30%-40% drop in sampling time using stanc O1 optimizations

brms generated code is not (yet) optimized for benefiting from --O1, so there maybe more brms models that will benefit from the --O1 later.

Were you saying that this brms code:
backend="cmdstanr", stan_model_args=list(stanc_options = list("O1"))
Might not do anything yet because brm is not set up to take advantage of this 01 option yet? I did just run even a quite simple model and it did actually run faster with this extra line added!

Would you generally suggest just having this as the default, or are there cases where this might go awry? (I’m mostly just using fairly standard models, like gaussian, ordinal categorical, often multilevel)

Really great to have these speed improvements!

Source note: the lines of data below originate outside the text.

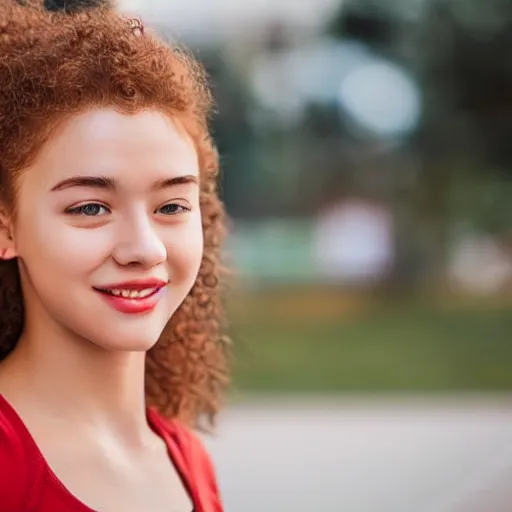 Image similar to red teenager with curly blonde hair red t shirt airpods attractive, high - quality photo realistic highly detailed high - quality 8 k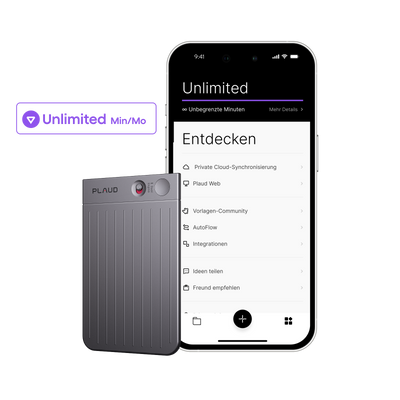 Plaud Note & KI Unbegrenzter Jahresplan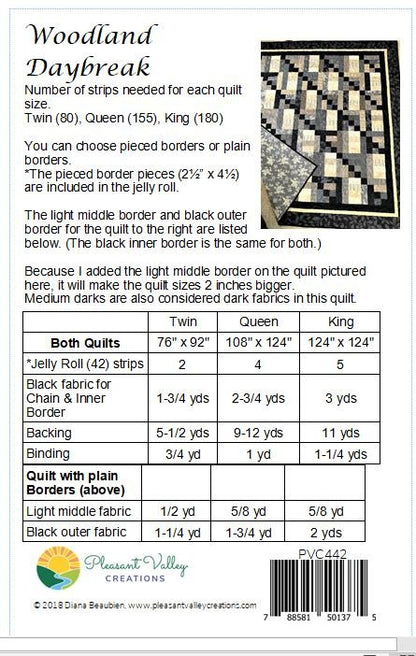 #442 Woodland Daybreak Quilt Pattern From Pleasant Valley Creations By Diana Beaubien - PAPER/PRINTED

At the time I posted, Paul hadn’t taken into account --O1, but some of the model code was anyway such that --O1 helps, but now Paul has also made some easy changes to the code generation so that even more models benefit. There are likely more cases where the brms code generation could be changed to take benefits from --O1, but as usual it’s a time resource issue. There are also models, that are less likely to get big speedups before additional improvements in stanc3.

Simple models are most likely to benefit from --O1. The more complex the model is, the more difficult it is to write Stan code so that --O1 will have any effect.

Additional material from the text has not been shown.